🤔 What is Family Mealtime?
Family mealtime is when family members join together to share a meal at breakfast, lunch and/or dinnertime.
Growing up my family did a pretty great job of prioritizing family mealtime. When dinner was ready, the TV went off, a ringing phone was left ignored, and we all sat together to enjoy a homemade meal. Naturally, as a kid I often groaned when it came time to turn off the screen. But looking back, I think this predictable daily ritual gave me a sense of comfort and consistency that I want to share with my own family now.

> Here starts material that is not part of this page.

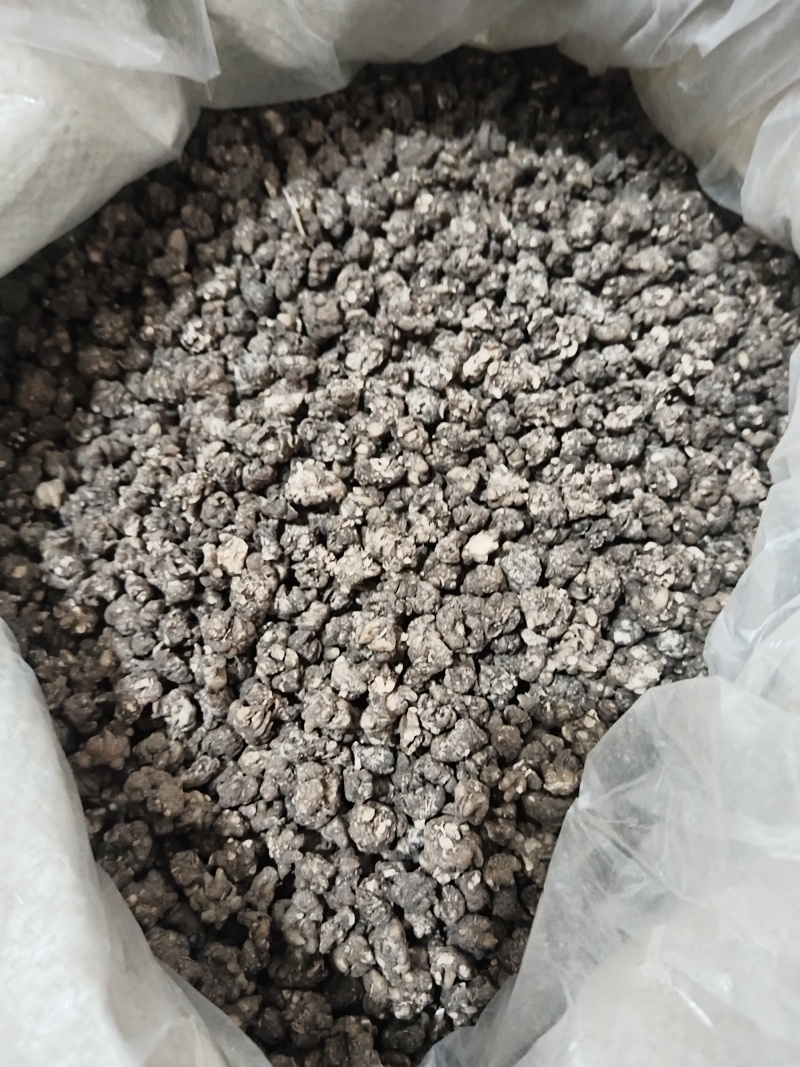 猫抓草无硫没有杂质一手货源今年新货量大从优诚信第一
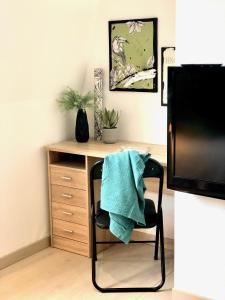 TV a/nebo společenská místnost v ubytování Résidence « Au passage coloré »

👍 Benefits of Eating Together as a Family
There is a great deal of research to support the benefits of eating together as a family. It's not surprising that family mealtime helps build relationships between family members. Yet, it is surprising that family dinners can also support kids' mental health and protect against teenage substance use.
Check out some of the awesome benefits of family meals as well as some tips for making eating together as a family a successful and fun experience!

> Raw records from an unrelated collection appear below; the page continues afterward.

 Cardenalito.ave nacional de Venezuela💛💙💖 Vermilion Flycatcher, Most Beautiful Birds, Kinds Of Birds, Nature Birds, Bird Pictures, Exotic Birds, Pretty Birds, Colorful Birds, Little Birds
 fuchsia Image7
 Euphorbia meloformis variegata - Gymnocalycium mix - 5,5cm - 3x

1. Support Healthy Eating and Portion Control
When grown-ups cook with fresh ingredients at home, they know exactly which ingredients are going into their kid's meal (and how much of them!). Family dinners also give grown-ups a chance to model healthy eating and teach kids about proper portion control. In fact, a 2018 study in the Obesity Reviews Journal found a relationship between frequent family meals and better nutritional health among kids.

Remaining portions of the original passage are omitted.